§ Given information:
_____

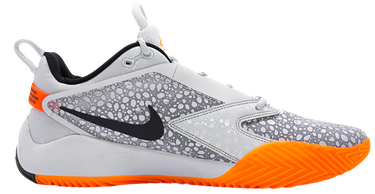 Sneakers og sko Nike AIR ZOOM HYPERACE 3 SE Hvid | hf3239-900, 2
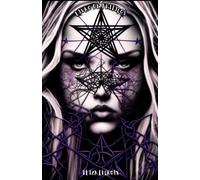 Livro de feitiços: magia blanca y brujeria para principiantes wicca | Segredos rituais da magia verde, uma abundância de opulência, ervas medicinais e ... de bruxaria Em português (Libros de wicca)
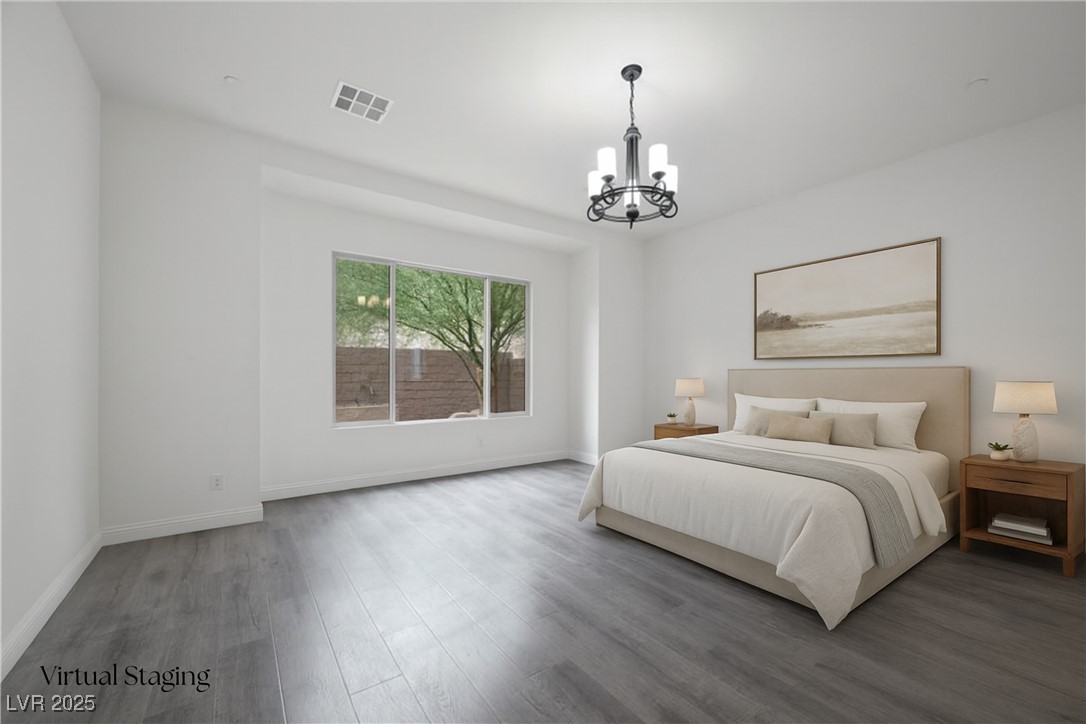 26 Costa Tropical Drive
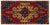 Apex Anatolium Muhtelif 31540 116 cm X 238 cm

_____

§ Problem to solve: Once the line with "Livro de feitiços: magia" is found, output it and every line after it through the end of the listing, exactly, without pictures.

§ Task result:
 Livro de feitiços: magia blanca y brujeria para principiantes wicca | Segredos rituais da magia verde, uma abundância de opulência, ervas medicinais e ... de bruxaria Em português (Libros de wicca)
 26 Costa Tropical Drive
 Apex Anatolium Muhtelif 31540 116 cm X 238 cm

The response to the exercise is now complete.